With that, two of the larger men scooped up the flacid woman, and carried her away. There were 4 left in the group, and they set off in the direction of Tom's camp.


When I open my eyes, I do not know where I am, but when I try to call out I learn that I cannot speak. I realize I am tied to a cot someplace dark, and give my eyes time to adjust to the darkness. I try to sit up but am prevented from doing so by a headache the rival to which I have never felt.

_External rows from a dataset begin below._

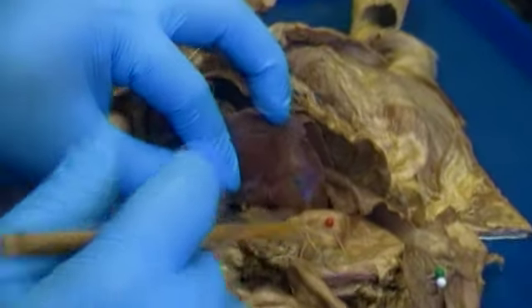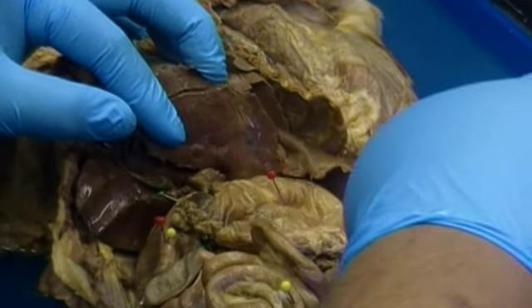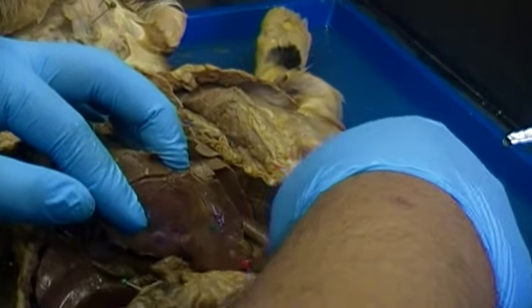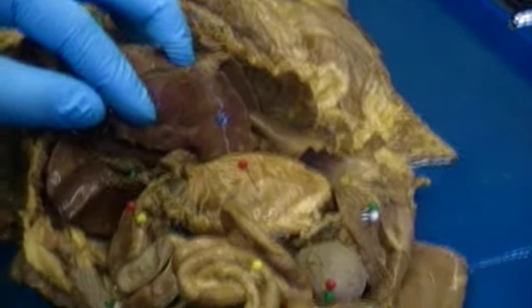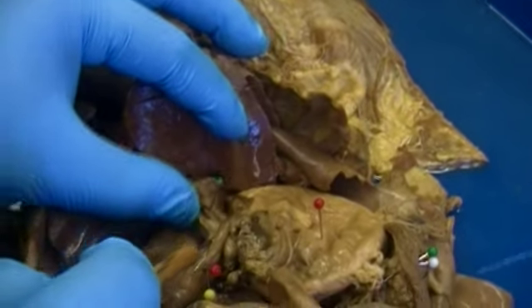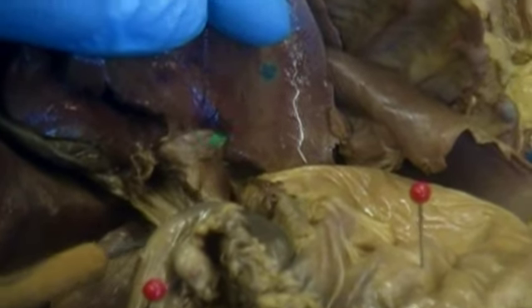Now moving this back a little so we can see this structure labeled with a red pin — this large structure is the stomach. The stomach is connected to the liver by this membranous structure labeled with a small green pin. That would be the lesser omentum.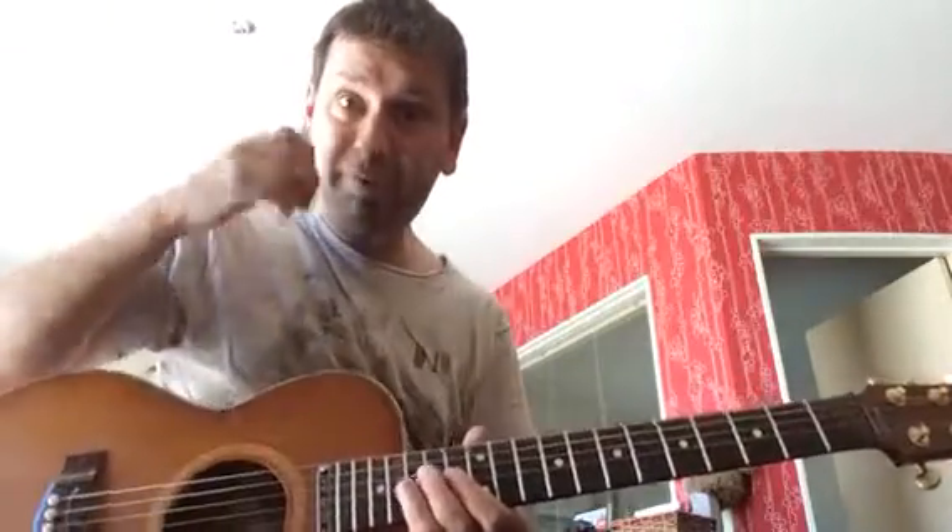And that sounds really cool. So that's the riff for that Bruno Mars song, Runaway Baby. Have some fun with that. See you in the next one.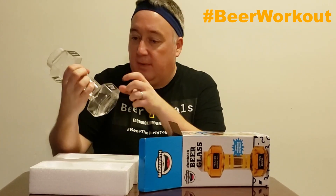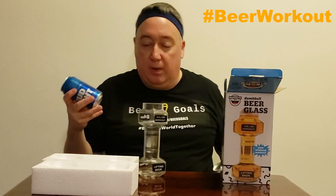24 ounces — that's like two 12-ounce beers, that's great. It's a kind of hard plastic glass, I like it a lot. Yes, I do work out — lifting beer. My abs are going to be so flat.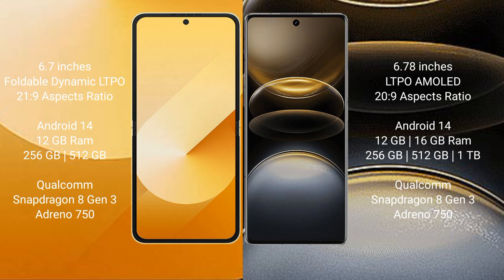Vivo X100 Ultra comes with 12GB or 16GB RAM and 256GB, 512GB, or 1TB internal storage, powered by a Qualcomm Snapdragon 8 Gen 3 processor with an Adreno 750 GPU.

My stomach is cramping like I’ve never felt before, and I can taste vomit in my mouth. It is clear I have been very sick, but I feel no nausea now. My breathing is ragged and frenzied, as if I had just been running. I want to get up and get out of here, but I can do nothing but lay here and rest.

What about Finnegan? And Tom? Are they where I am? I don’t hear much, and am not sure how I got here, or why I don’t remember it.

I decide to take inventory of my person so that I am better equipped to deal with situation in the event that something changes. I am clothed, and strapped in to a cot of some kind by my chest, knees and feet. My hands are bound. I am under a blanket, and a pillow is under my head and knees. Who takes such care with the comfort of their captives?

What the fuck is going on here?!?!? There are fucking zombies running rampant everywhere, then I get deathly ill, and abducted without my knowledge and am strapped to a cot in some strange place? Truly, I am unsure how to cope with all this… or if I even can.

Just as I begin to panic, I hear a voice outside.


A dark haired young woman sits at the end of a long, meagerly lit corridor reading Gray’s Anatomy with a furrowed brow. She appears to be guarding a doorway when she is approached by a bald man with a white beard.

“Hazel, how is our visitor?” asked Sage, the leader from the scouting group seen earlier.

Hazel replied, “She has been asleep since we administered the drug. I’m not sure, but I think she may be comatose. It’s only been 10 hours, though, so it’s too early to tell. Were there more, or was she alone?”

Sage let out a heavy sigh. “She has a husband, and a son. But they did not come easily. Who can blame them, the world has gone apeshit up there. I’m sure I wouldn’t be too keen on strangers telling me they had taken my wife and that I needed to follow them underground to a former military testing facility.

He beat the hell out of Saffron and Rue when they tried to take him. He only came peacefully when he realized Rosemary had taken the child amidst the chaos. He is angry, and desperate to see his wife, and who can blame him. Right now Ginger is trying to administer a sedative so that we can test to see if he and the child have also been exposed to the virus. He is being less than cooperative”

Hazel’s eyes were wide, “Will we give them the drug? We only have so much…” she trailed off.

Sage quickly replied, “There has been a vote, and it has been decided that they must stay here in the community if we use our resources to help them. We have yet to discuss any of this with him yet, but I think he may be more rational after the sedative, and he sees that we have not harmed his wife or child. He has little choice though, because his wife will be staying with us, having already been saved by the drug.”

“I’m sure the community will be pleased to have new members. I wonder what they know how to do, and how they will contribute. We could really use a medic or a carpenter. Even a gardener would be helpful.” Said Hazel.

A man runs down the hall, “Sage! We need your help. Our visitor has taken Ginger hostage and is threatening to harm her if he is not allowed to see his wife and son.”

“Apparently I am needed elsewhere,” Sage smiled at the look of abject horror on Hazel’s face, and followed the man down the hall the way he had come.